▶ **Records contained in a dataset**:
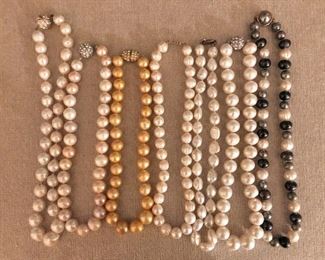 $30 Each 7 strands of pearls. Longest  18" long, mediums are 16" long, and smaller ones 14" long.  2 sets Pearls on far right SOLD  Yellow pearls in center SOLD 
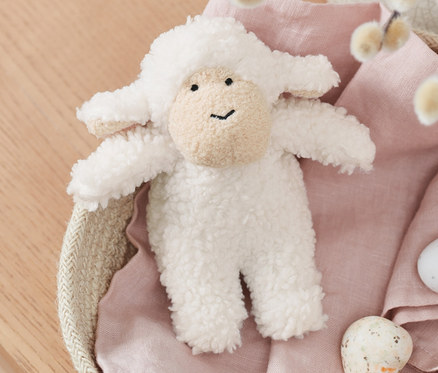 Un mouton avec son repose dans un panier avec des chatons et des œufs peints.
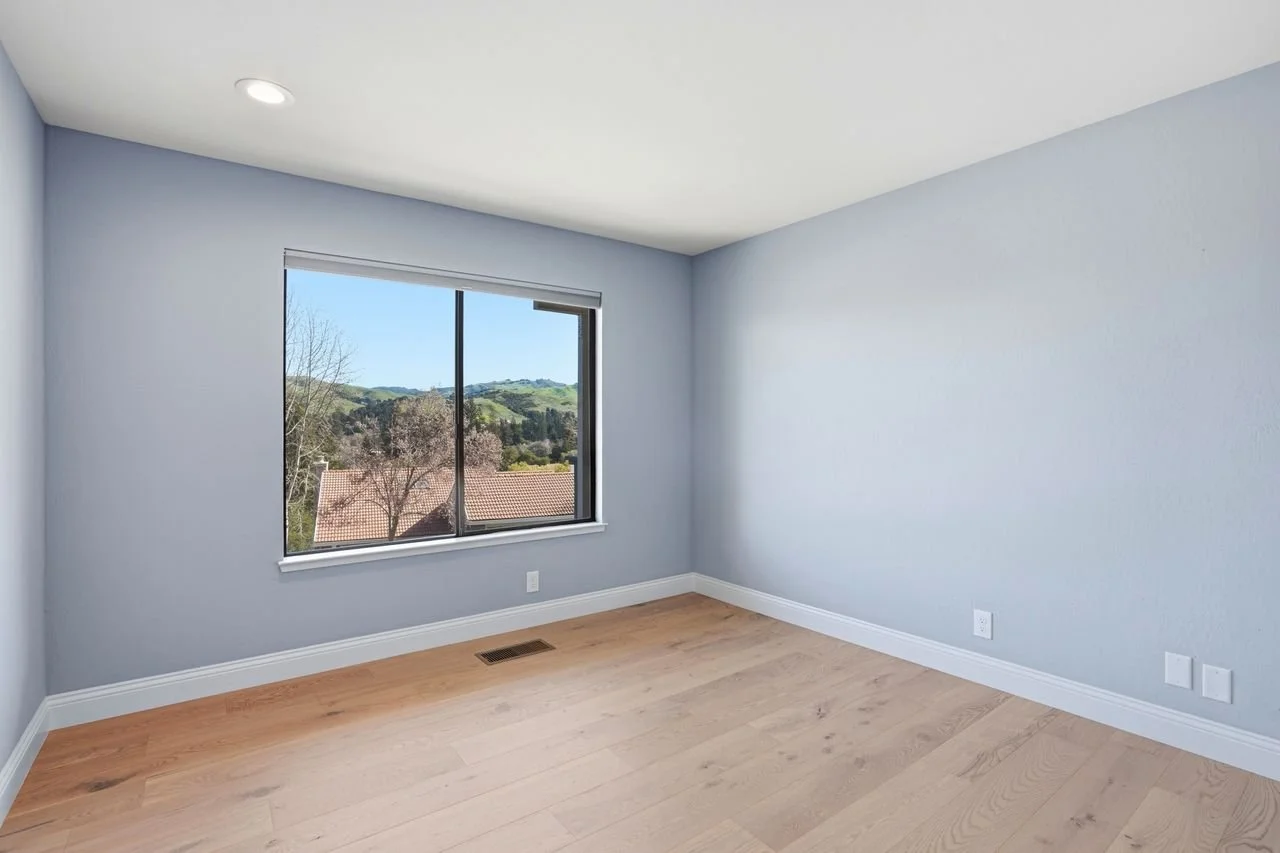 Empty room with light blue walls, a window showing a view of trees and hills, hardwood floors, and white baseboards.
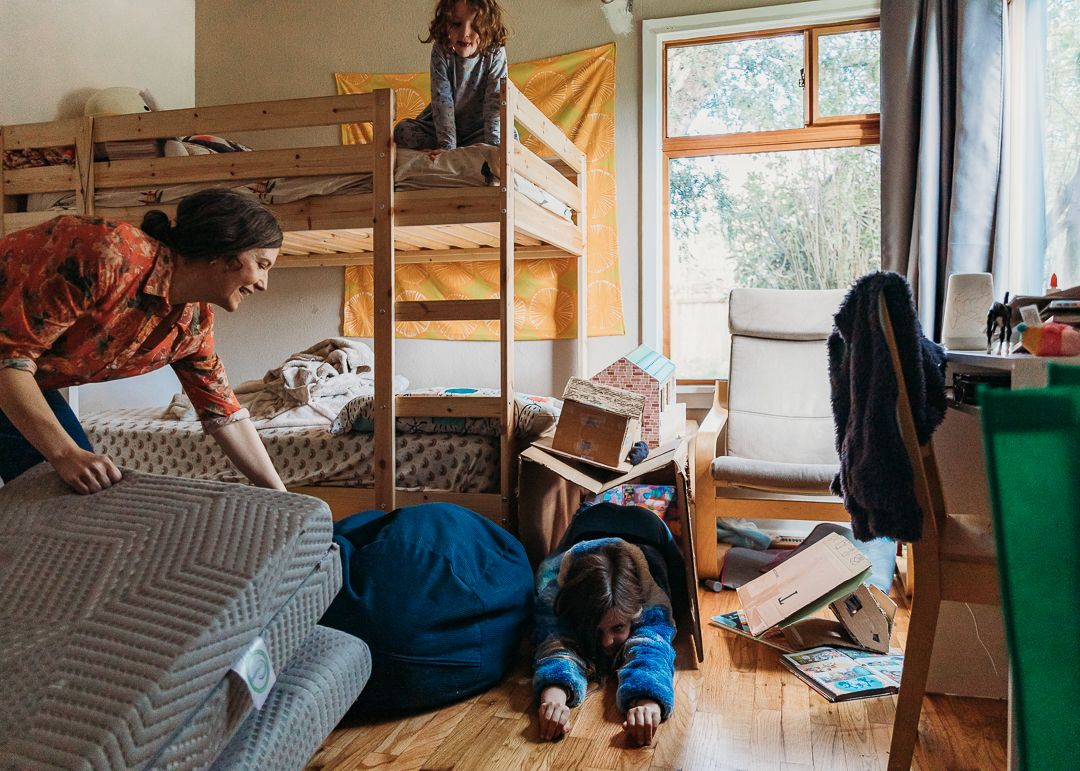 Students relax and study in a dorm room with wooden bunk beds, textbooks, and natural lighting through windows.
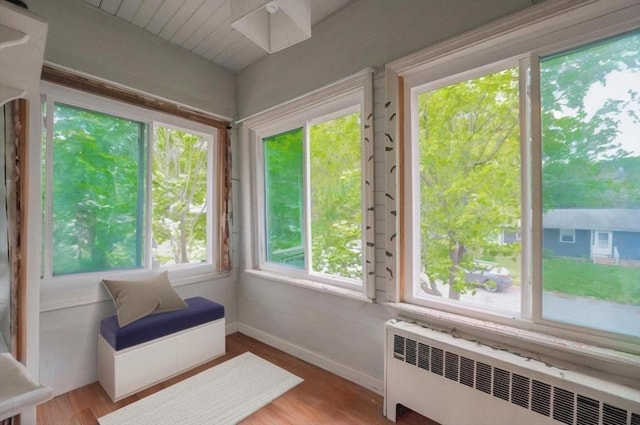 1 Holly St, Attleboro, MA 02703 - sunroom / solarium with radiator, wood finished floors, and baseboards
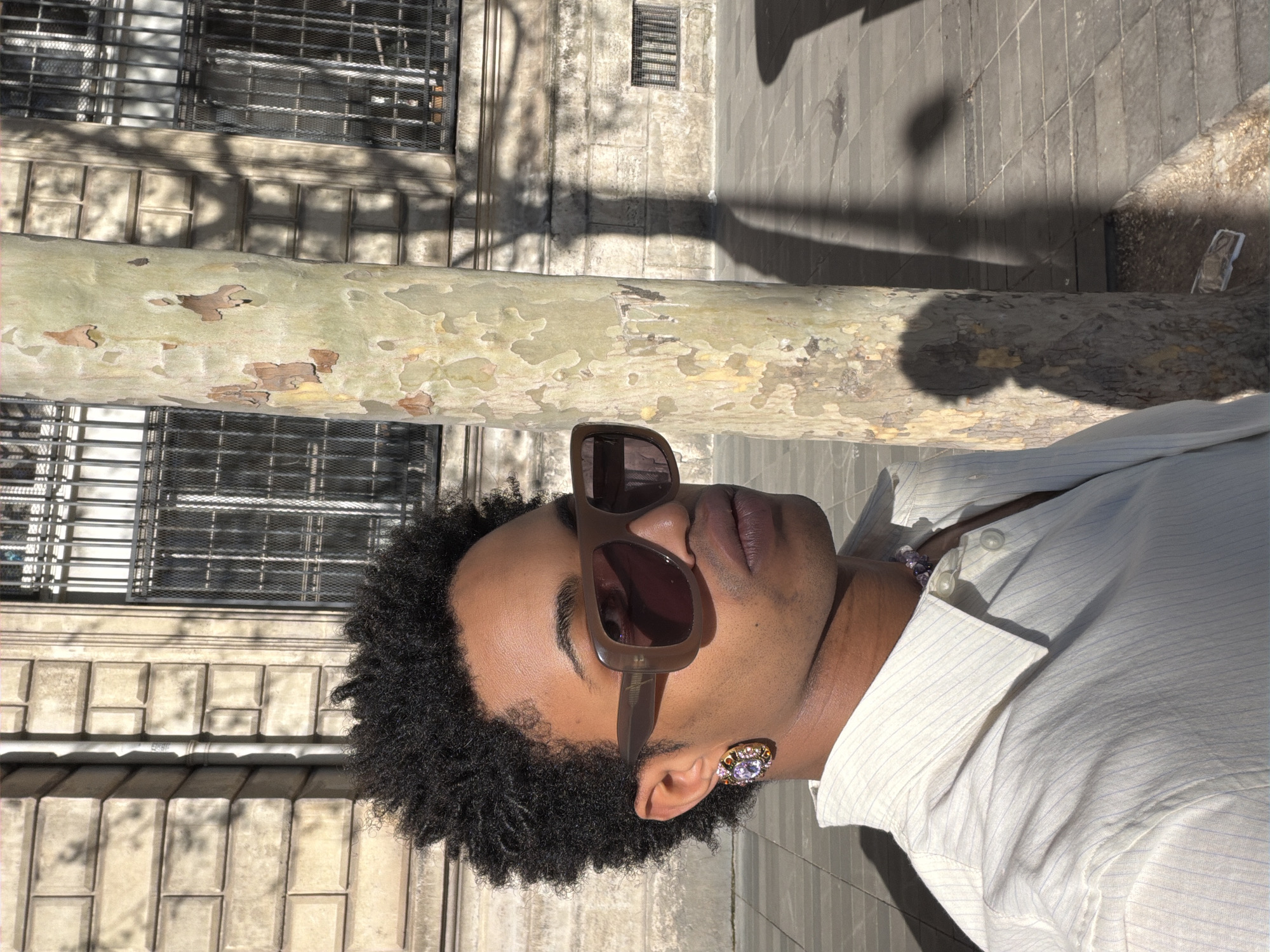 A medium shot shows a Black person with brown sunglasses, and an earring, standing near a sycamore tree in what appears to be Paris, France. The person is wearing a striped white shirt with a partially visible amethyst necklace. The tree trunk is behind them, with a light yellowish-green trunk that has peeling bark. The bark is a combination of yellow, green, brown, and off-white colors. Behind the tree, there's a building with barred windows and a weathered facade, indicating an urban environment. A sidewalk is visible on the right edge of the frame, providing a sense of the surroundings. The image composition includes elements of nature and architecture, placing the person in an outdoor urban setting. A shadow of a person is visible on the sidewalk.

▶ **ACTION ITEM**: Every line from the top of the records above to the line with "1 Holly St, Attleboro, MA", inclusive, should be duplicated exactly, minus the pictures.

▶ **WORKED SOLUTION**:
 $30 Each 7 strands of pearls. Longest  18" long, mediums are 16" long, and smaller ones 14" long.  2 sets Pearls on far right SOLD  Yellow pearls in center SOLD 
 Un mouton avec son repose dans un panier avec des chatons et des œufs peints.
 Empty room with light blue walls, a window showing a view of trees and hills, hardwood floors, and white baseboards.
 Students relax and study in a dorm room with wooden bunk beds, textbooks, and natural lighting through windows.
 1 Holly St, Attleboro, MA 02703 - sunroom / solarium with radiator, wood finished floors, and baseboards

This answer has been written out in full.